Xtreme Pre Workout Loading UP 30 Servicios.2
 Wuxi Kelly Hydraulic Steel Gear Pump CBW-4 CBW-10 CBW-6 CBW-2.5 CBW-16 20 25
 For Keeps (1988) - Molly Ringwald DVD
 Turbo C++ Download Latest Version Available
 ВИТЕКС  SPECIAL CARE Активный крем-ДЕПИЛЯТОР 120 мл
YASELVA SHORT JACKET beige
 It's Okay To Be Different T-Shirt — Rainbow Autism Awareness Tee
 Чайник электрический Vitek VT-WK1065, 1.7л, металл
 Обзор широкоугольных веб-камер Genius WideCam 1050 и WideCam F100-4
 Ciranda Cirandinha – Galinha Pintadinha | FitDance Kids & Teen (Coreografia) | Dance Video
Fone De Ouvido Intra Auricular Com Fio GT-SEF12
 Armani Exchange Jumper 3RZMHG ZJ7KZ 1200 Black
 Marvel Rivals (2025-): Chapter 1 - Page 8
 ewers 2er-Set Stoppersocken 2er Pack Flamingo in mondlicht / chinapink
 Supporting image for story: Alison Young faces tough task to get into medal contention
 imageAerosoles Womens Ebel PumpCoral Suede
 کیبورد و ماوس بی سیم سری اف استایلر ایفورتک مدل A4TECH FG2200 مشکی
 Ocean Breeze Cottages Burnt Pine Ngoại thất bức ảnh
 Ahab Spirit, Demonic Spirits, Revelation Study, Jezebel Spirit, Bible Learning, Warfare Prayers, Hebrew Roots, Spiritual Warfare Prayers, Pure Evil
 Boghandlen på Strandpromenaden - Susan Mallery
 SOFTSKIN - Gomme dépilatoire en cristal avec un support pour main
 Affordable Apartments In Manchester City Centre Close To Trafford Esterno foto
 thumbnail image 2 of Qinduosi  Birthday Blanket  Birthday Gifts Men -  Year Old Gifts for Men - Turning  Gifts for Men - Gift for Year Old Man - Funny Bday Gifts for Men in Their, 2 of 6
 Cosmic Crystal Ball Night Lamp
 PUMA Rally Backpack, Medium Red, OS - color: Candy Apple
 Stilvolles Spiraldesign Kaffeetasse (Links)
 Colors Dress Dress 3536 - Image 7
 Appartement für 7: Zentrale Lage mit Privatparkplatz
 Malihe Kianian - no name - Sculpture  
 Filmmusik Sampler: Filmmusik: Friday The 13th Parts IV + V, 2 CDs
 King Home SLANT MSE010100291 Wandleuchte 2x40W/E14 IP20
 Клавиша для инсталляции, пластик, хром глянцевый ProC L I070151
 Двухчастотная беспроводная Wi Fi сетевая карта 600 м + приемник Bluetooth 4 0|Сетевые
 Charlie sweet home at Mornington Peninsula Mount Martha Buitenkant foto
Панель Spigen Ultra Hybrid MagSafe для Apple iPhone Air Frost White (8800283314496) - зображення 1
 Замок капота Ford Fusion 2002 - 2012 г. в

•••••

▶ _TASK DETAILS_:
Going down from the first line of the entries above, restate each line word for word until the line holding "Ocean Breeze Cottages" is done.

▶ _EXERCISE OUTPUT_:
Xtreme Pre Workout Loading UP 30 Servicios.2
 Wuxi Kelly Hydraulic Steel Gear Pump CBW-4 CBW-10 CBW-6 CBW-2.5 CBW-16 20 25
 For Keeps (1988) - Molly Ringwald DVD
 Turbo C++ Download Latest Version Available
 ВИТЕКС  SPECIAL CARE Активный крем-ДЕПИЛЯТОР 120 мл
YASELVA SHORT JACKET beige
 It's Okay To Be Different T-Shirt — Rainbow Autism Awareness Tee
 Чайник электрический Vitek VT-WK1065, 1.7л, металл
 Обзор широкоугольных веб-камер Genius WideCam 1050 и WideCam F100-4
 Ciranda Cirandinha – Galinha Pintadinha | FitDance Kids & Teen (Coreografia) | Dance Video
Fone De Ouvido Intra Auricular Com Fio GT-SEF12
 Armani Exchange Jumper 3RZMHG ZJ7KZ 1200 Black
 Marvel Rivals (2025-): Chapter 1 - Page 8
 ewers 2er-Set Stoppersocken 2er Pack Flamingo in mondlicht / chinapink
 Supporting image for story: Alison Young faces tough task to get into medal contention
 imageAerosoles Womens Ebel PumpCoral Suede
 کیبورد و ماوس بی سیم سری اف استایلر ایفورتک مدل A4TECH FG2200 مشکی
 Ocean Breeze Cottages Burnt Pine Ngoại thất bức ảnh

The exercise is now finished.